2013’te Ohio State Üniversitesi & Utrecht Üniversitesi’nin yaptığı araştırma çocuklarını kendi uzantısı olarak gören ailelerin kendilerinin başarılı olamadıkları, içlerinde kalan ya da belki de çok iyi yaptıkları sporlara ya da hobilere çocuklarını yönlendirme konusunda baskıcı olduklarını gösteriyor.
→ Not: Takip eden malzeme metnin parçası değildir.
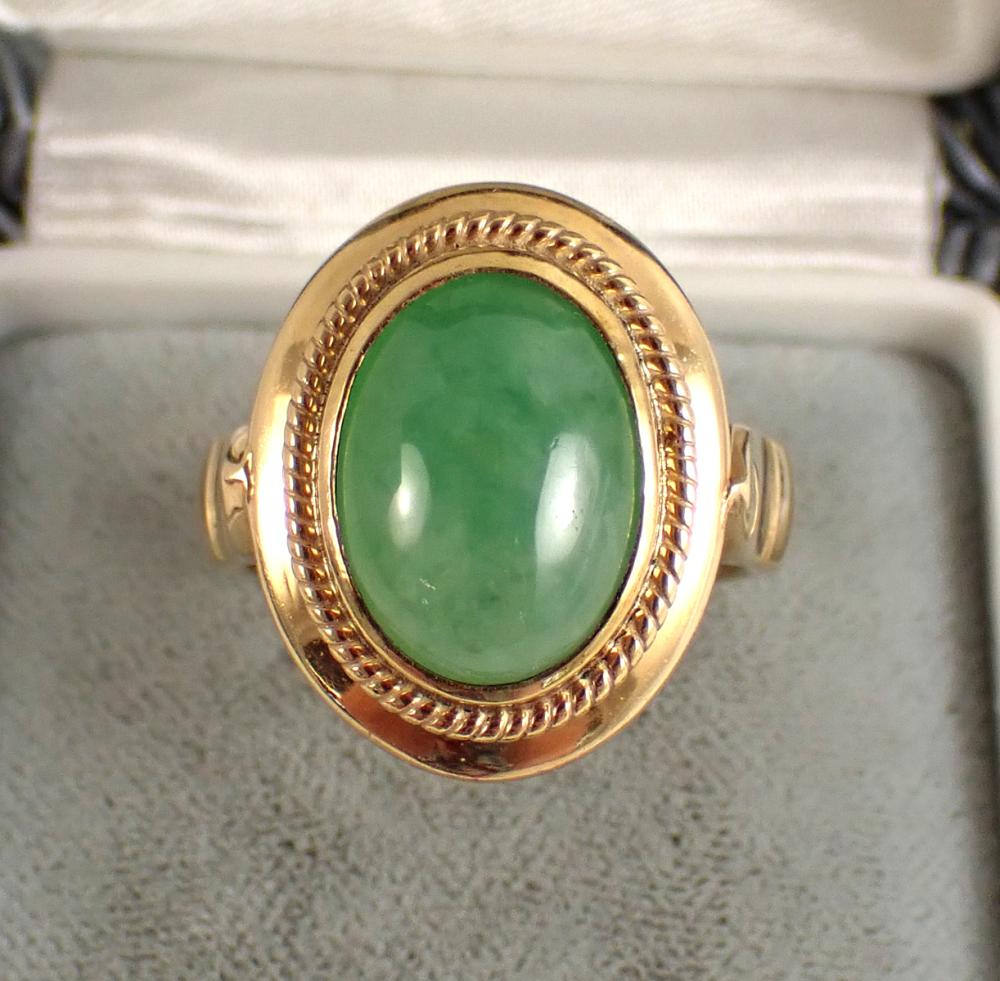 Appraisal: JADEITE JADE AND FOURTEEN KARAT GOLD RING bezel set with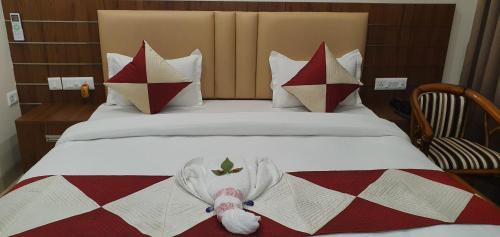 a hotel room with a bed with a teddy bear on it at Hotel MK Grand in Varanasi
Dr. Shefali’nin öncülüğünü yaptığı Duyarlı Ebeveynlik yaklaşımı, çocukları kendi uzantımız olarak algıladığımızda tüm duygusal yükümüzü onlara yüklediğimizi söylüyor. Duyarlı ebeveyn; çocukların kendi ilgi alanları, ruhları olduğunu ve bireysel özgür fikirlerini ifade etmeleri gerektiğini bilir. Çocukların ailenin mülkü olmadığını anlar.
“Çocuklar bizim kukla gibi, herhangi bir ürün gibi, sahip olabileceğimiz, kontrol edebileceğimiz, hükmedebileceğimiz varlıklar değiller. Böyle görmeye başladığımız anda; her şeyi mahvetmeye başlıyoruz” diyor Dr. Shefali.
Yukarıdan aşağı doğru talimat vermek yerine, duyarlı ebeveyn, egosunu ve kafasındaki “mükemmel çocuğu” yaratma isteğini bir kenara bırakır. Duyarlı anne-babalık ulaşılan bir mertebe değil; hiç bitmeyen bir yolculuktur. Sürekli devam eden bir gelişim halidir. Videonun orjinalini ilham veren videolar bölümünde bulabilirsiniz.
Çocukların benliklerinin oluşması ve özgün hallerinin ortaya çıkması için onlara alan bırakmamıza, zaman vermemize ihtiyaçları var. Bireyselliklerini keşfetmeleri için özgürlük ve sorumluluk verilmesi ve en önemlisi oldukları gibi kabul edildiklerini ve koşulsuz sevildiklerini hissetmeleri gerekiyor.